Chcemy to osiągnąć unikatową formułą festiwalu. Każdy z dziewięciu koncertów prezentuje dwa niezbyt długie utwory. Jego częścią jest krótka rozmowa z kompozytorem, którego utwór jest wykonywany. Celowo nie prezentujemy długich kompozycji, które wymagałyby większego obeznania z tego typu muzyką. Koncerty trwają nieco ponad godzinę. Podczas każdego występu wykonywane są dwa utwory prezentujące istotne osiągnięcia w muzyce ostatnich lat. Są to ambitne utwory najważniejszych żyjących twórców. W ten sposób publiczność może niejako spróbować najnowszej muzyki. Zapewne dla ludzi nieobeznanych z tą muzyką kilkugodzinne kompozycje mogą być odstraszające. Krótsze utwory mogą być łatwiejsze w odbiorze, poza tym rozmowa z kompozytorem może przybliżyć dzieło publiczności. Dzięki niej nie jest to tylko abstrakcyjna muzyka, ale ludzie mogą poznać osobę, która napisała partyturę.
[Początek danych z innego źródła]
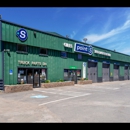 Gills Point S Tire & Auto Service - Automobile Parts & Supplies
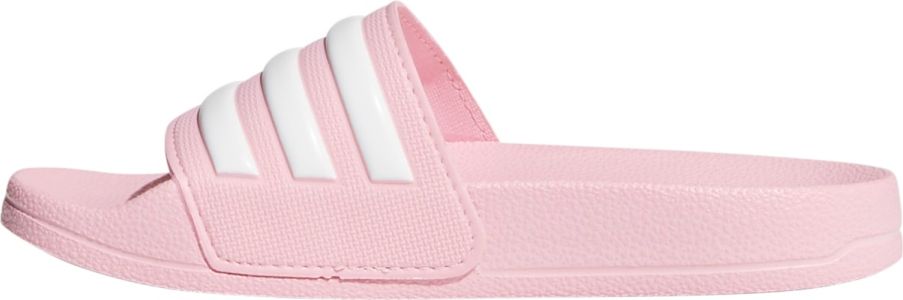 adidas Adilette Shower K růžová EUR 32 - obrázek 2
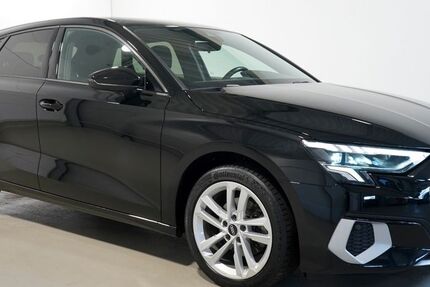 Audi A3 124.010 km 21.850 &euro; Hürth bei Köln 50354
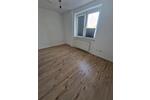 Maisonettenwohnung Duisburg Duisburg-Mitte - 4 Zimmer, 105 m&sup2;, 259.000&euro; | Angebot:24869024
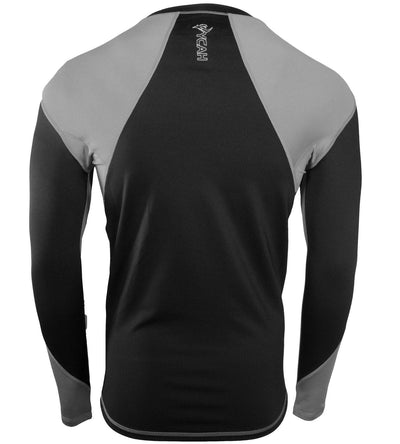 Vycah Pyrex Shirt for Outdoor Adventures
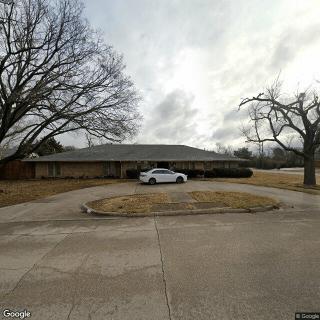 Gospel Home Residential Assisted Living
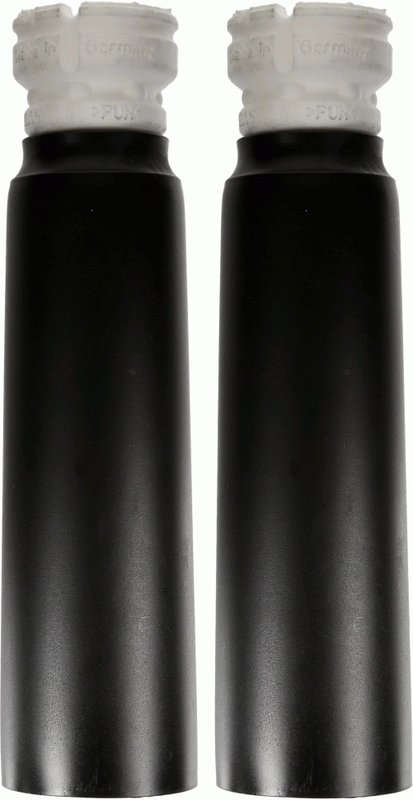 Kit protectie praf amortizor SACHS 900 423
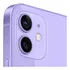 iPhone 12 128 GB morado - Excelente (Reacondicionado)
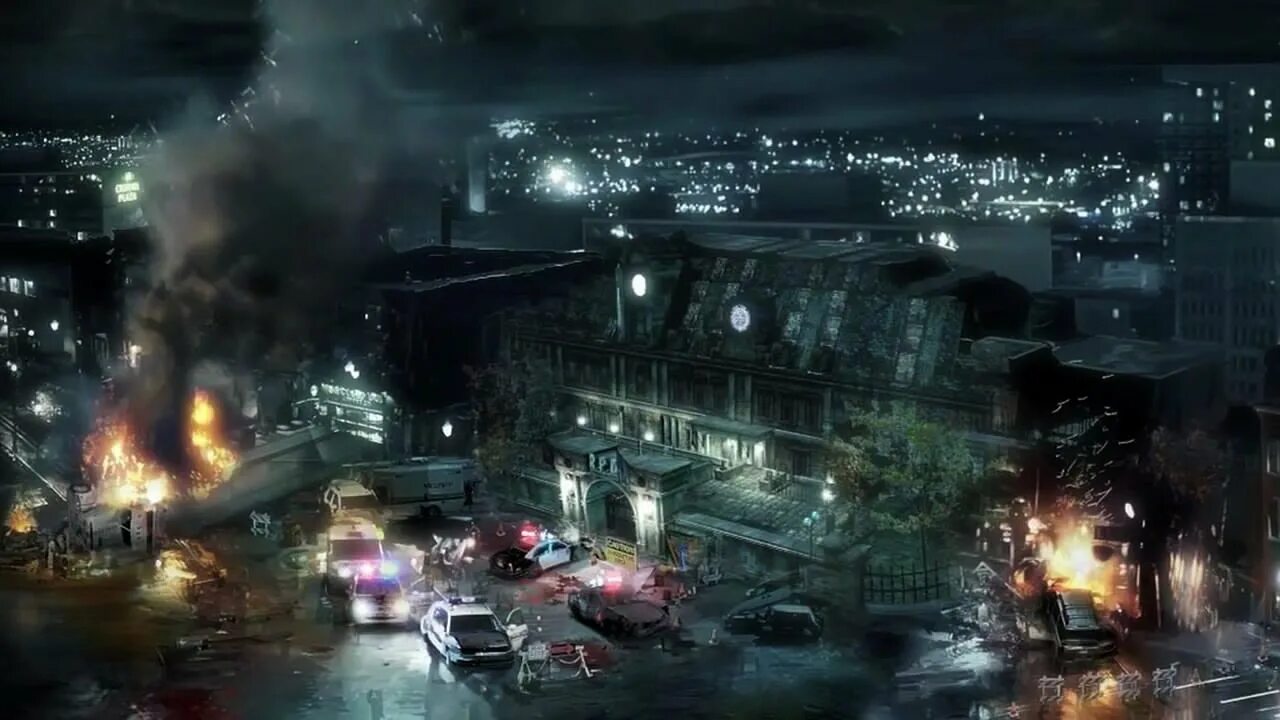 Обитель зла ракон сити. Re operation raccoon city. Обитель зла ракон сити. Раккун сити фильм 2021. Обитель зла ракун сити.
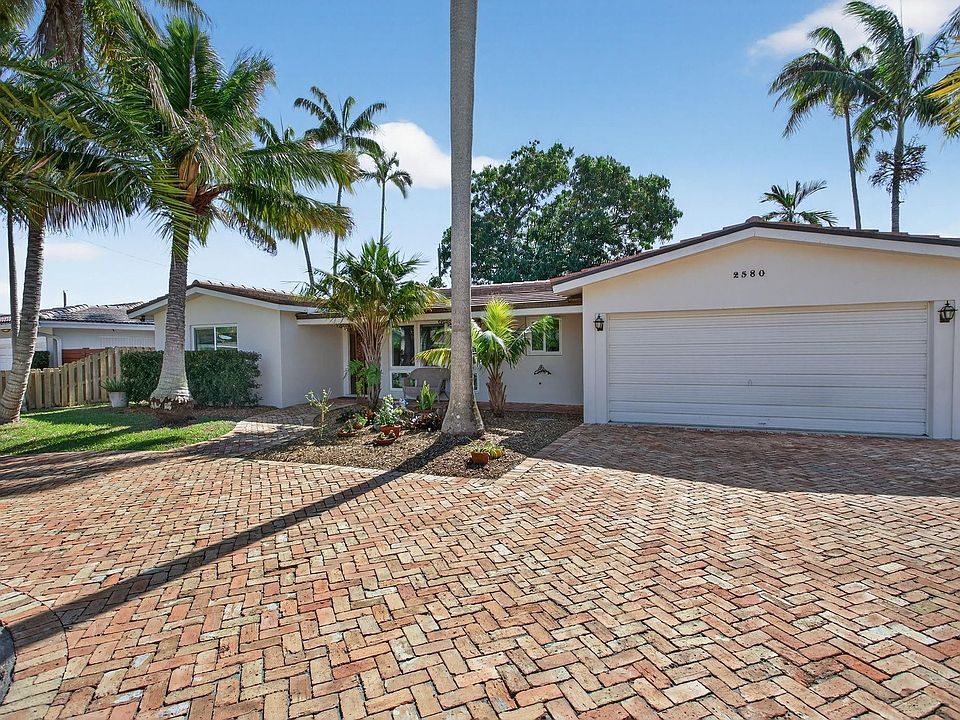 1st image of 2580 SE 5th Court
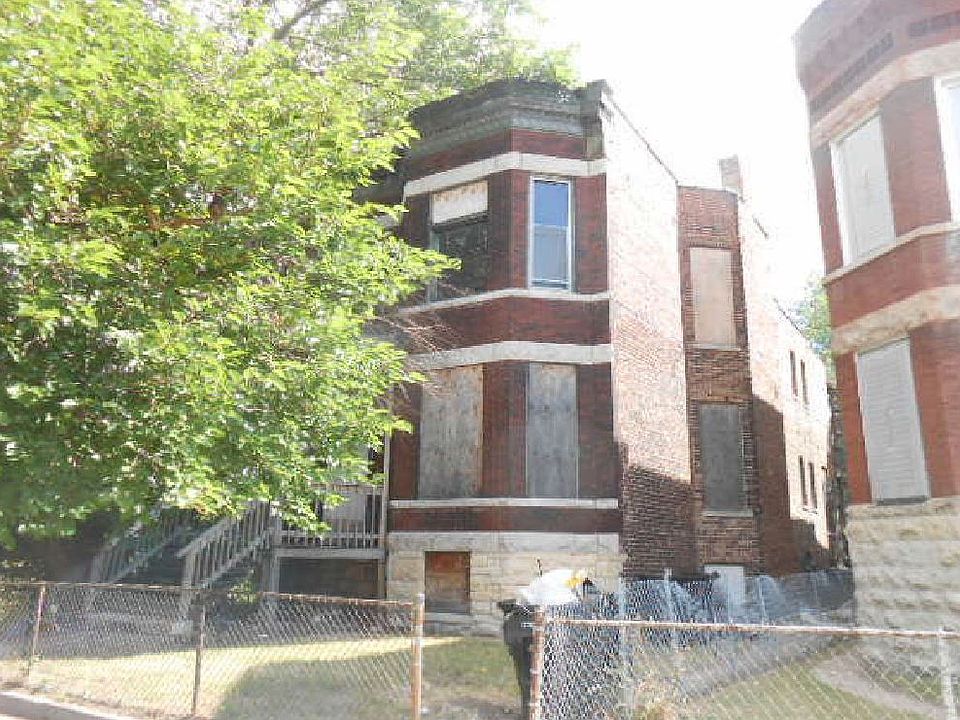 1st image of 7023 S Wentworth Ave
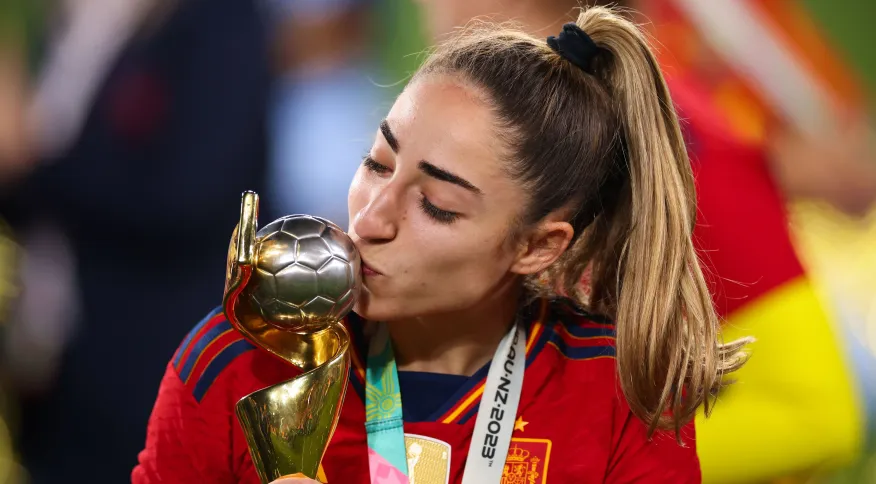 heroina - copa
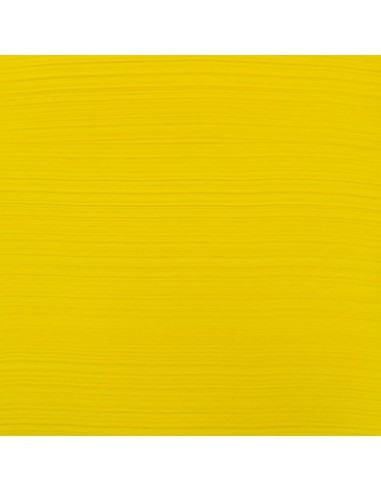 Standard Series Acrylique Tube 20 ml - Jaune primaire 275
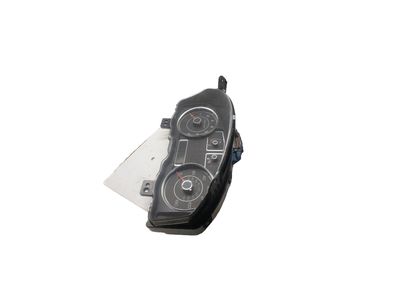 8G1Z-10849-R Ford Instrument Cluster Product Photo 2 of 4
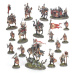 Games Workshop Age of Sigmar: Spearhead: Cities of Sigmar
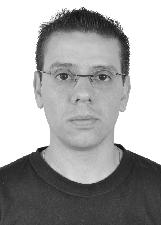 Foto de BRUNO AUGUSTO BRAGA DA CRUZ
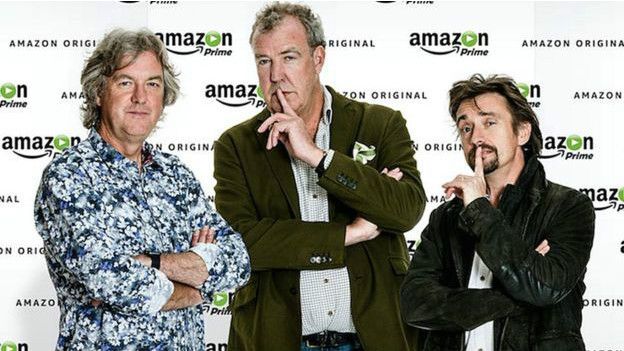 160529233647_gear2_624x351_amazon_nocred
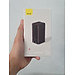 Củ Sạc Nhanh Baseus GaN2 Pro Quick Charger 65W Màu Đen (Type C x 2 + USB, Multi Quick Charge Protocol) - Hàng Chính Hãng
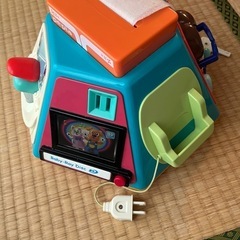 やりたい放題の画像
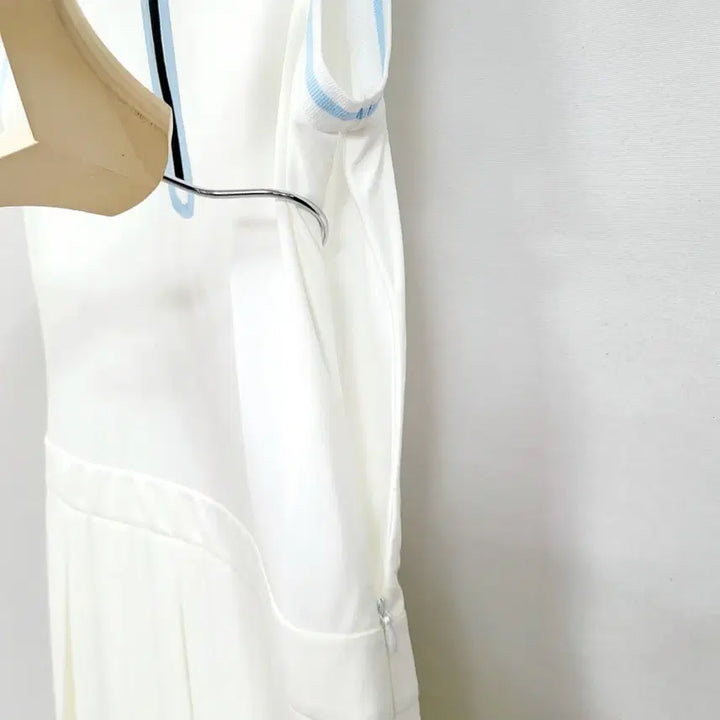 [BUNJANG] MELLEVINE Y862 Dress / +MELLEVINE 멜바인 Y862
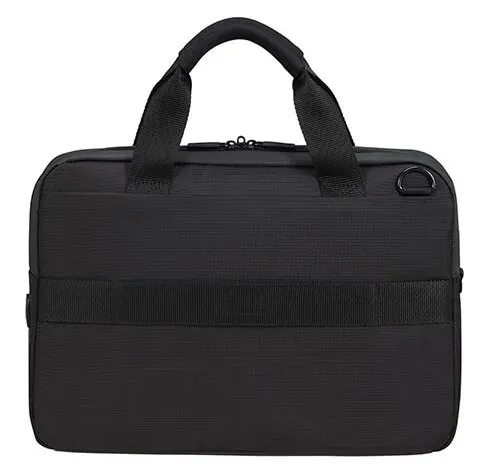 SAMSONITE MYSIGHT LPT. BAILHANDLE 14.1"
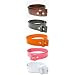 BELTMASTERS® Leather Belts For All Buckles - Many Colors Available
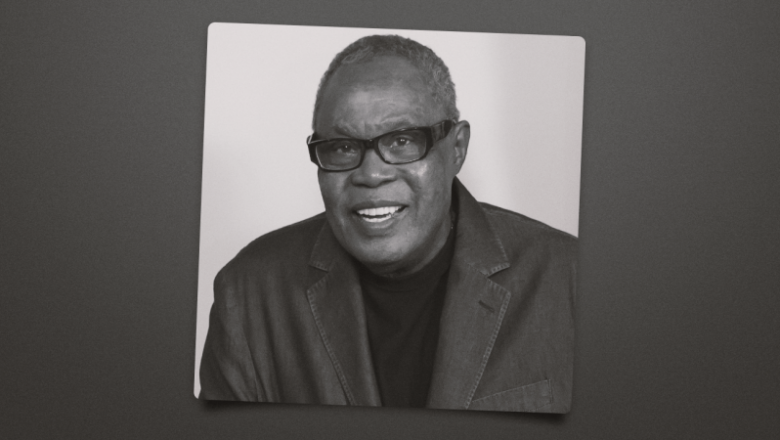 Sam Moore, One-Half of Stax Records’ Sam & Dave, Dies at 89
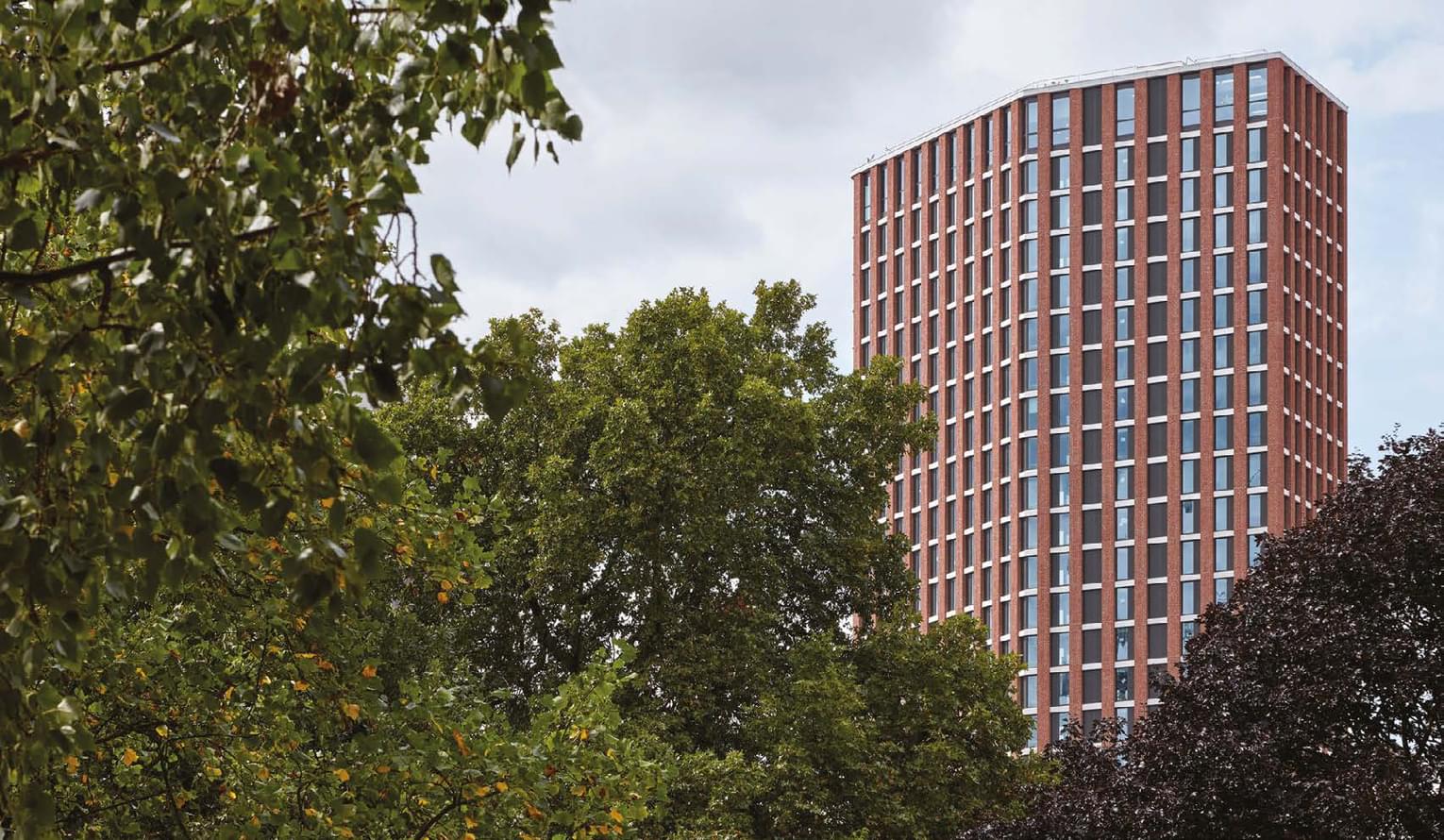 керамика фабрики S.Anselmo коллекция Superior Line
Otwarcie Festiwalu Visions 2023

Jako kurator bierzesz na siebie odpowiedzialność wyboru i prezentacji utworów. Wielu z nich publiczność nie zna, zatem to niejako na tobie spoczywa misja zachęcenia słuchaczy do tej muzyki, ale także ryzyko odstraszenia publiczności od tego rodzaju muzyki. Wydaje mi się, że wybór kompozycji do Visions jest dość bezpieczny. Nie ma tutaj awangardowych utworów, które starają się stworzyć nowy język muzyczny, przedefiniować tradycyjne poczucie harmonii czy melodii. Nazwiska takie jak Jörg Widmann, Thomas Larcher, John Adams czy też Esa-Pekka Salonen są obecnie uznane. Utwory tych kompozytorów są wykonywane od Los Angeles po Hongkong. Tworząc taki festiwal, mając do dyspozycji świetne niemieckie orkiestry radiowe, czy nie warto sięgnąć po młodszych, mniej uznanych twórców, którzy zaprezentują bardziej radykalną muzykę?

 

W swoim pytaniu poruszyłeś kilka wątków. Każdy z nich jest osobnym istotnym pytaniem. Tak, w Hamburgu mamy wspaniałą salę koncertową Elbphilharmonie i pracujmy z wybitnymi muzykami z niemieckich orkiestr radiowych. Ten festiwal prezentuje to, co najistotniejsze w muzyce ostatnich dwóch dekad. Zgadzam się, że wybór utworów to duża odpowiedzialność i zawsze może on być kontrowersyjny. Jako kurator nie staram się prezentować własnego gustu muzycznego, ale spektrum istotnych kompozycji z ostatnich lat. Nie kieruję się przy tym wyborze kwestiami takimi jak awangardowość czy też tradycjonalizm kompozycji. Moją misją jest wyprowadzenie muzyki najnowszej z niszowych festiwali odbywających się w niewielkich salach i zaprezentowanie jej szerszej publiczności w sali koncertowej, która pomieści ponad dwa tysiące osób. Odmienną kwestią jest radykalizm. Myślę, że kwestia nowego języka muzycznego, tworzenia na nowo zapisu muzycznego czy też alternatywnego grania na instrumentach jest już w zasadzie zamknięta. To przeszłość. Dziś mamy wyśmienitych kompozytorów, którzy piszą piękne i wyrafinowane utwory, ale bez potrzeby zrywania z tradycją. Widmann na przykład czerpie z Mozarta, jazzu, ale jego utwory są świetnie zorkiestrowane, posiadają przejrzystą strukturę, a zarazem trafiają do publiczności. Celem nie jest zaszokowanie publiczności, ale zaprezentowanie piękna. Chciałbym wrócić do pytania o radykalizm. Myślę, że Le nozze di Figaro po ponad dwustu latach nie przestaje być radykalne. Wciąż jest wyzwaniem zarówno dla artystów, jak i odbiorców muzyki. Mozart nie stworzył nowego języka muzycznego. On wykorzystał istniejące struktury, rozwiązania harmoniczne i melodyczne do napisania ponadczasowych arcydzieł. Radykalizm nie sprowadza się do ciągłego gonienia za nowością, ale do piękna, wobec którego nie można być obojętnym. Podczas tego festiwalu prezentujemy dzieła, które miały swoje premiery, ale są to wspaniałe kompozycje, które zasługują na kolejne wykonania.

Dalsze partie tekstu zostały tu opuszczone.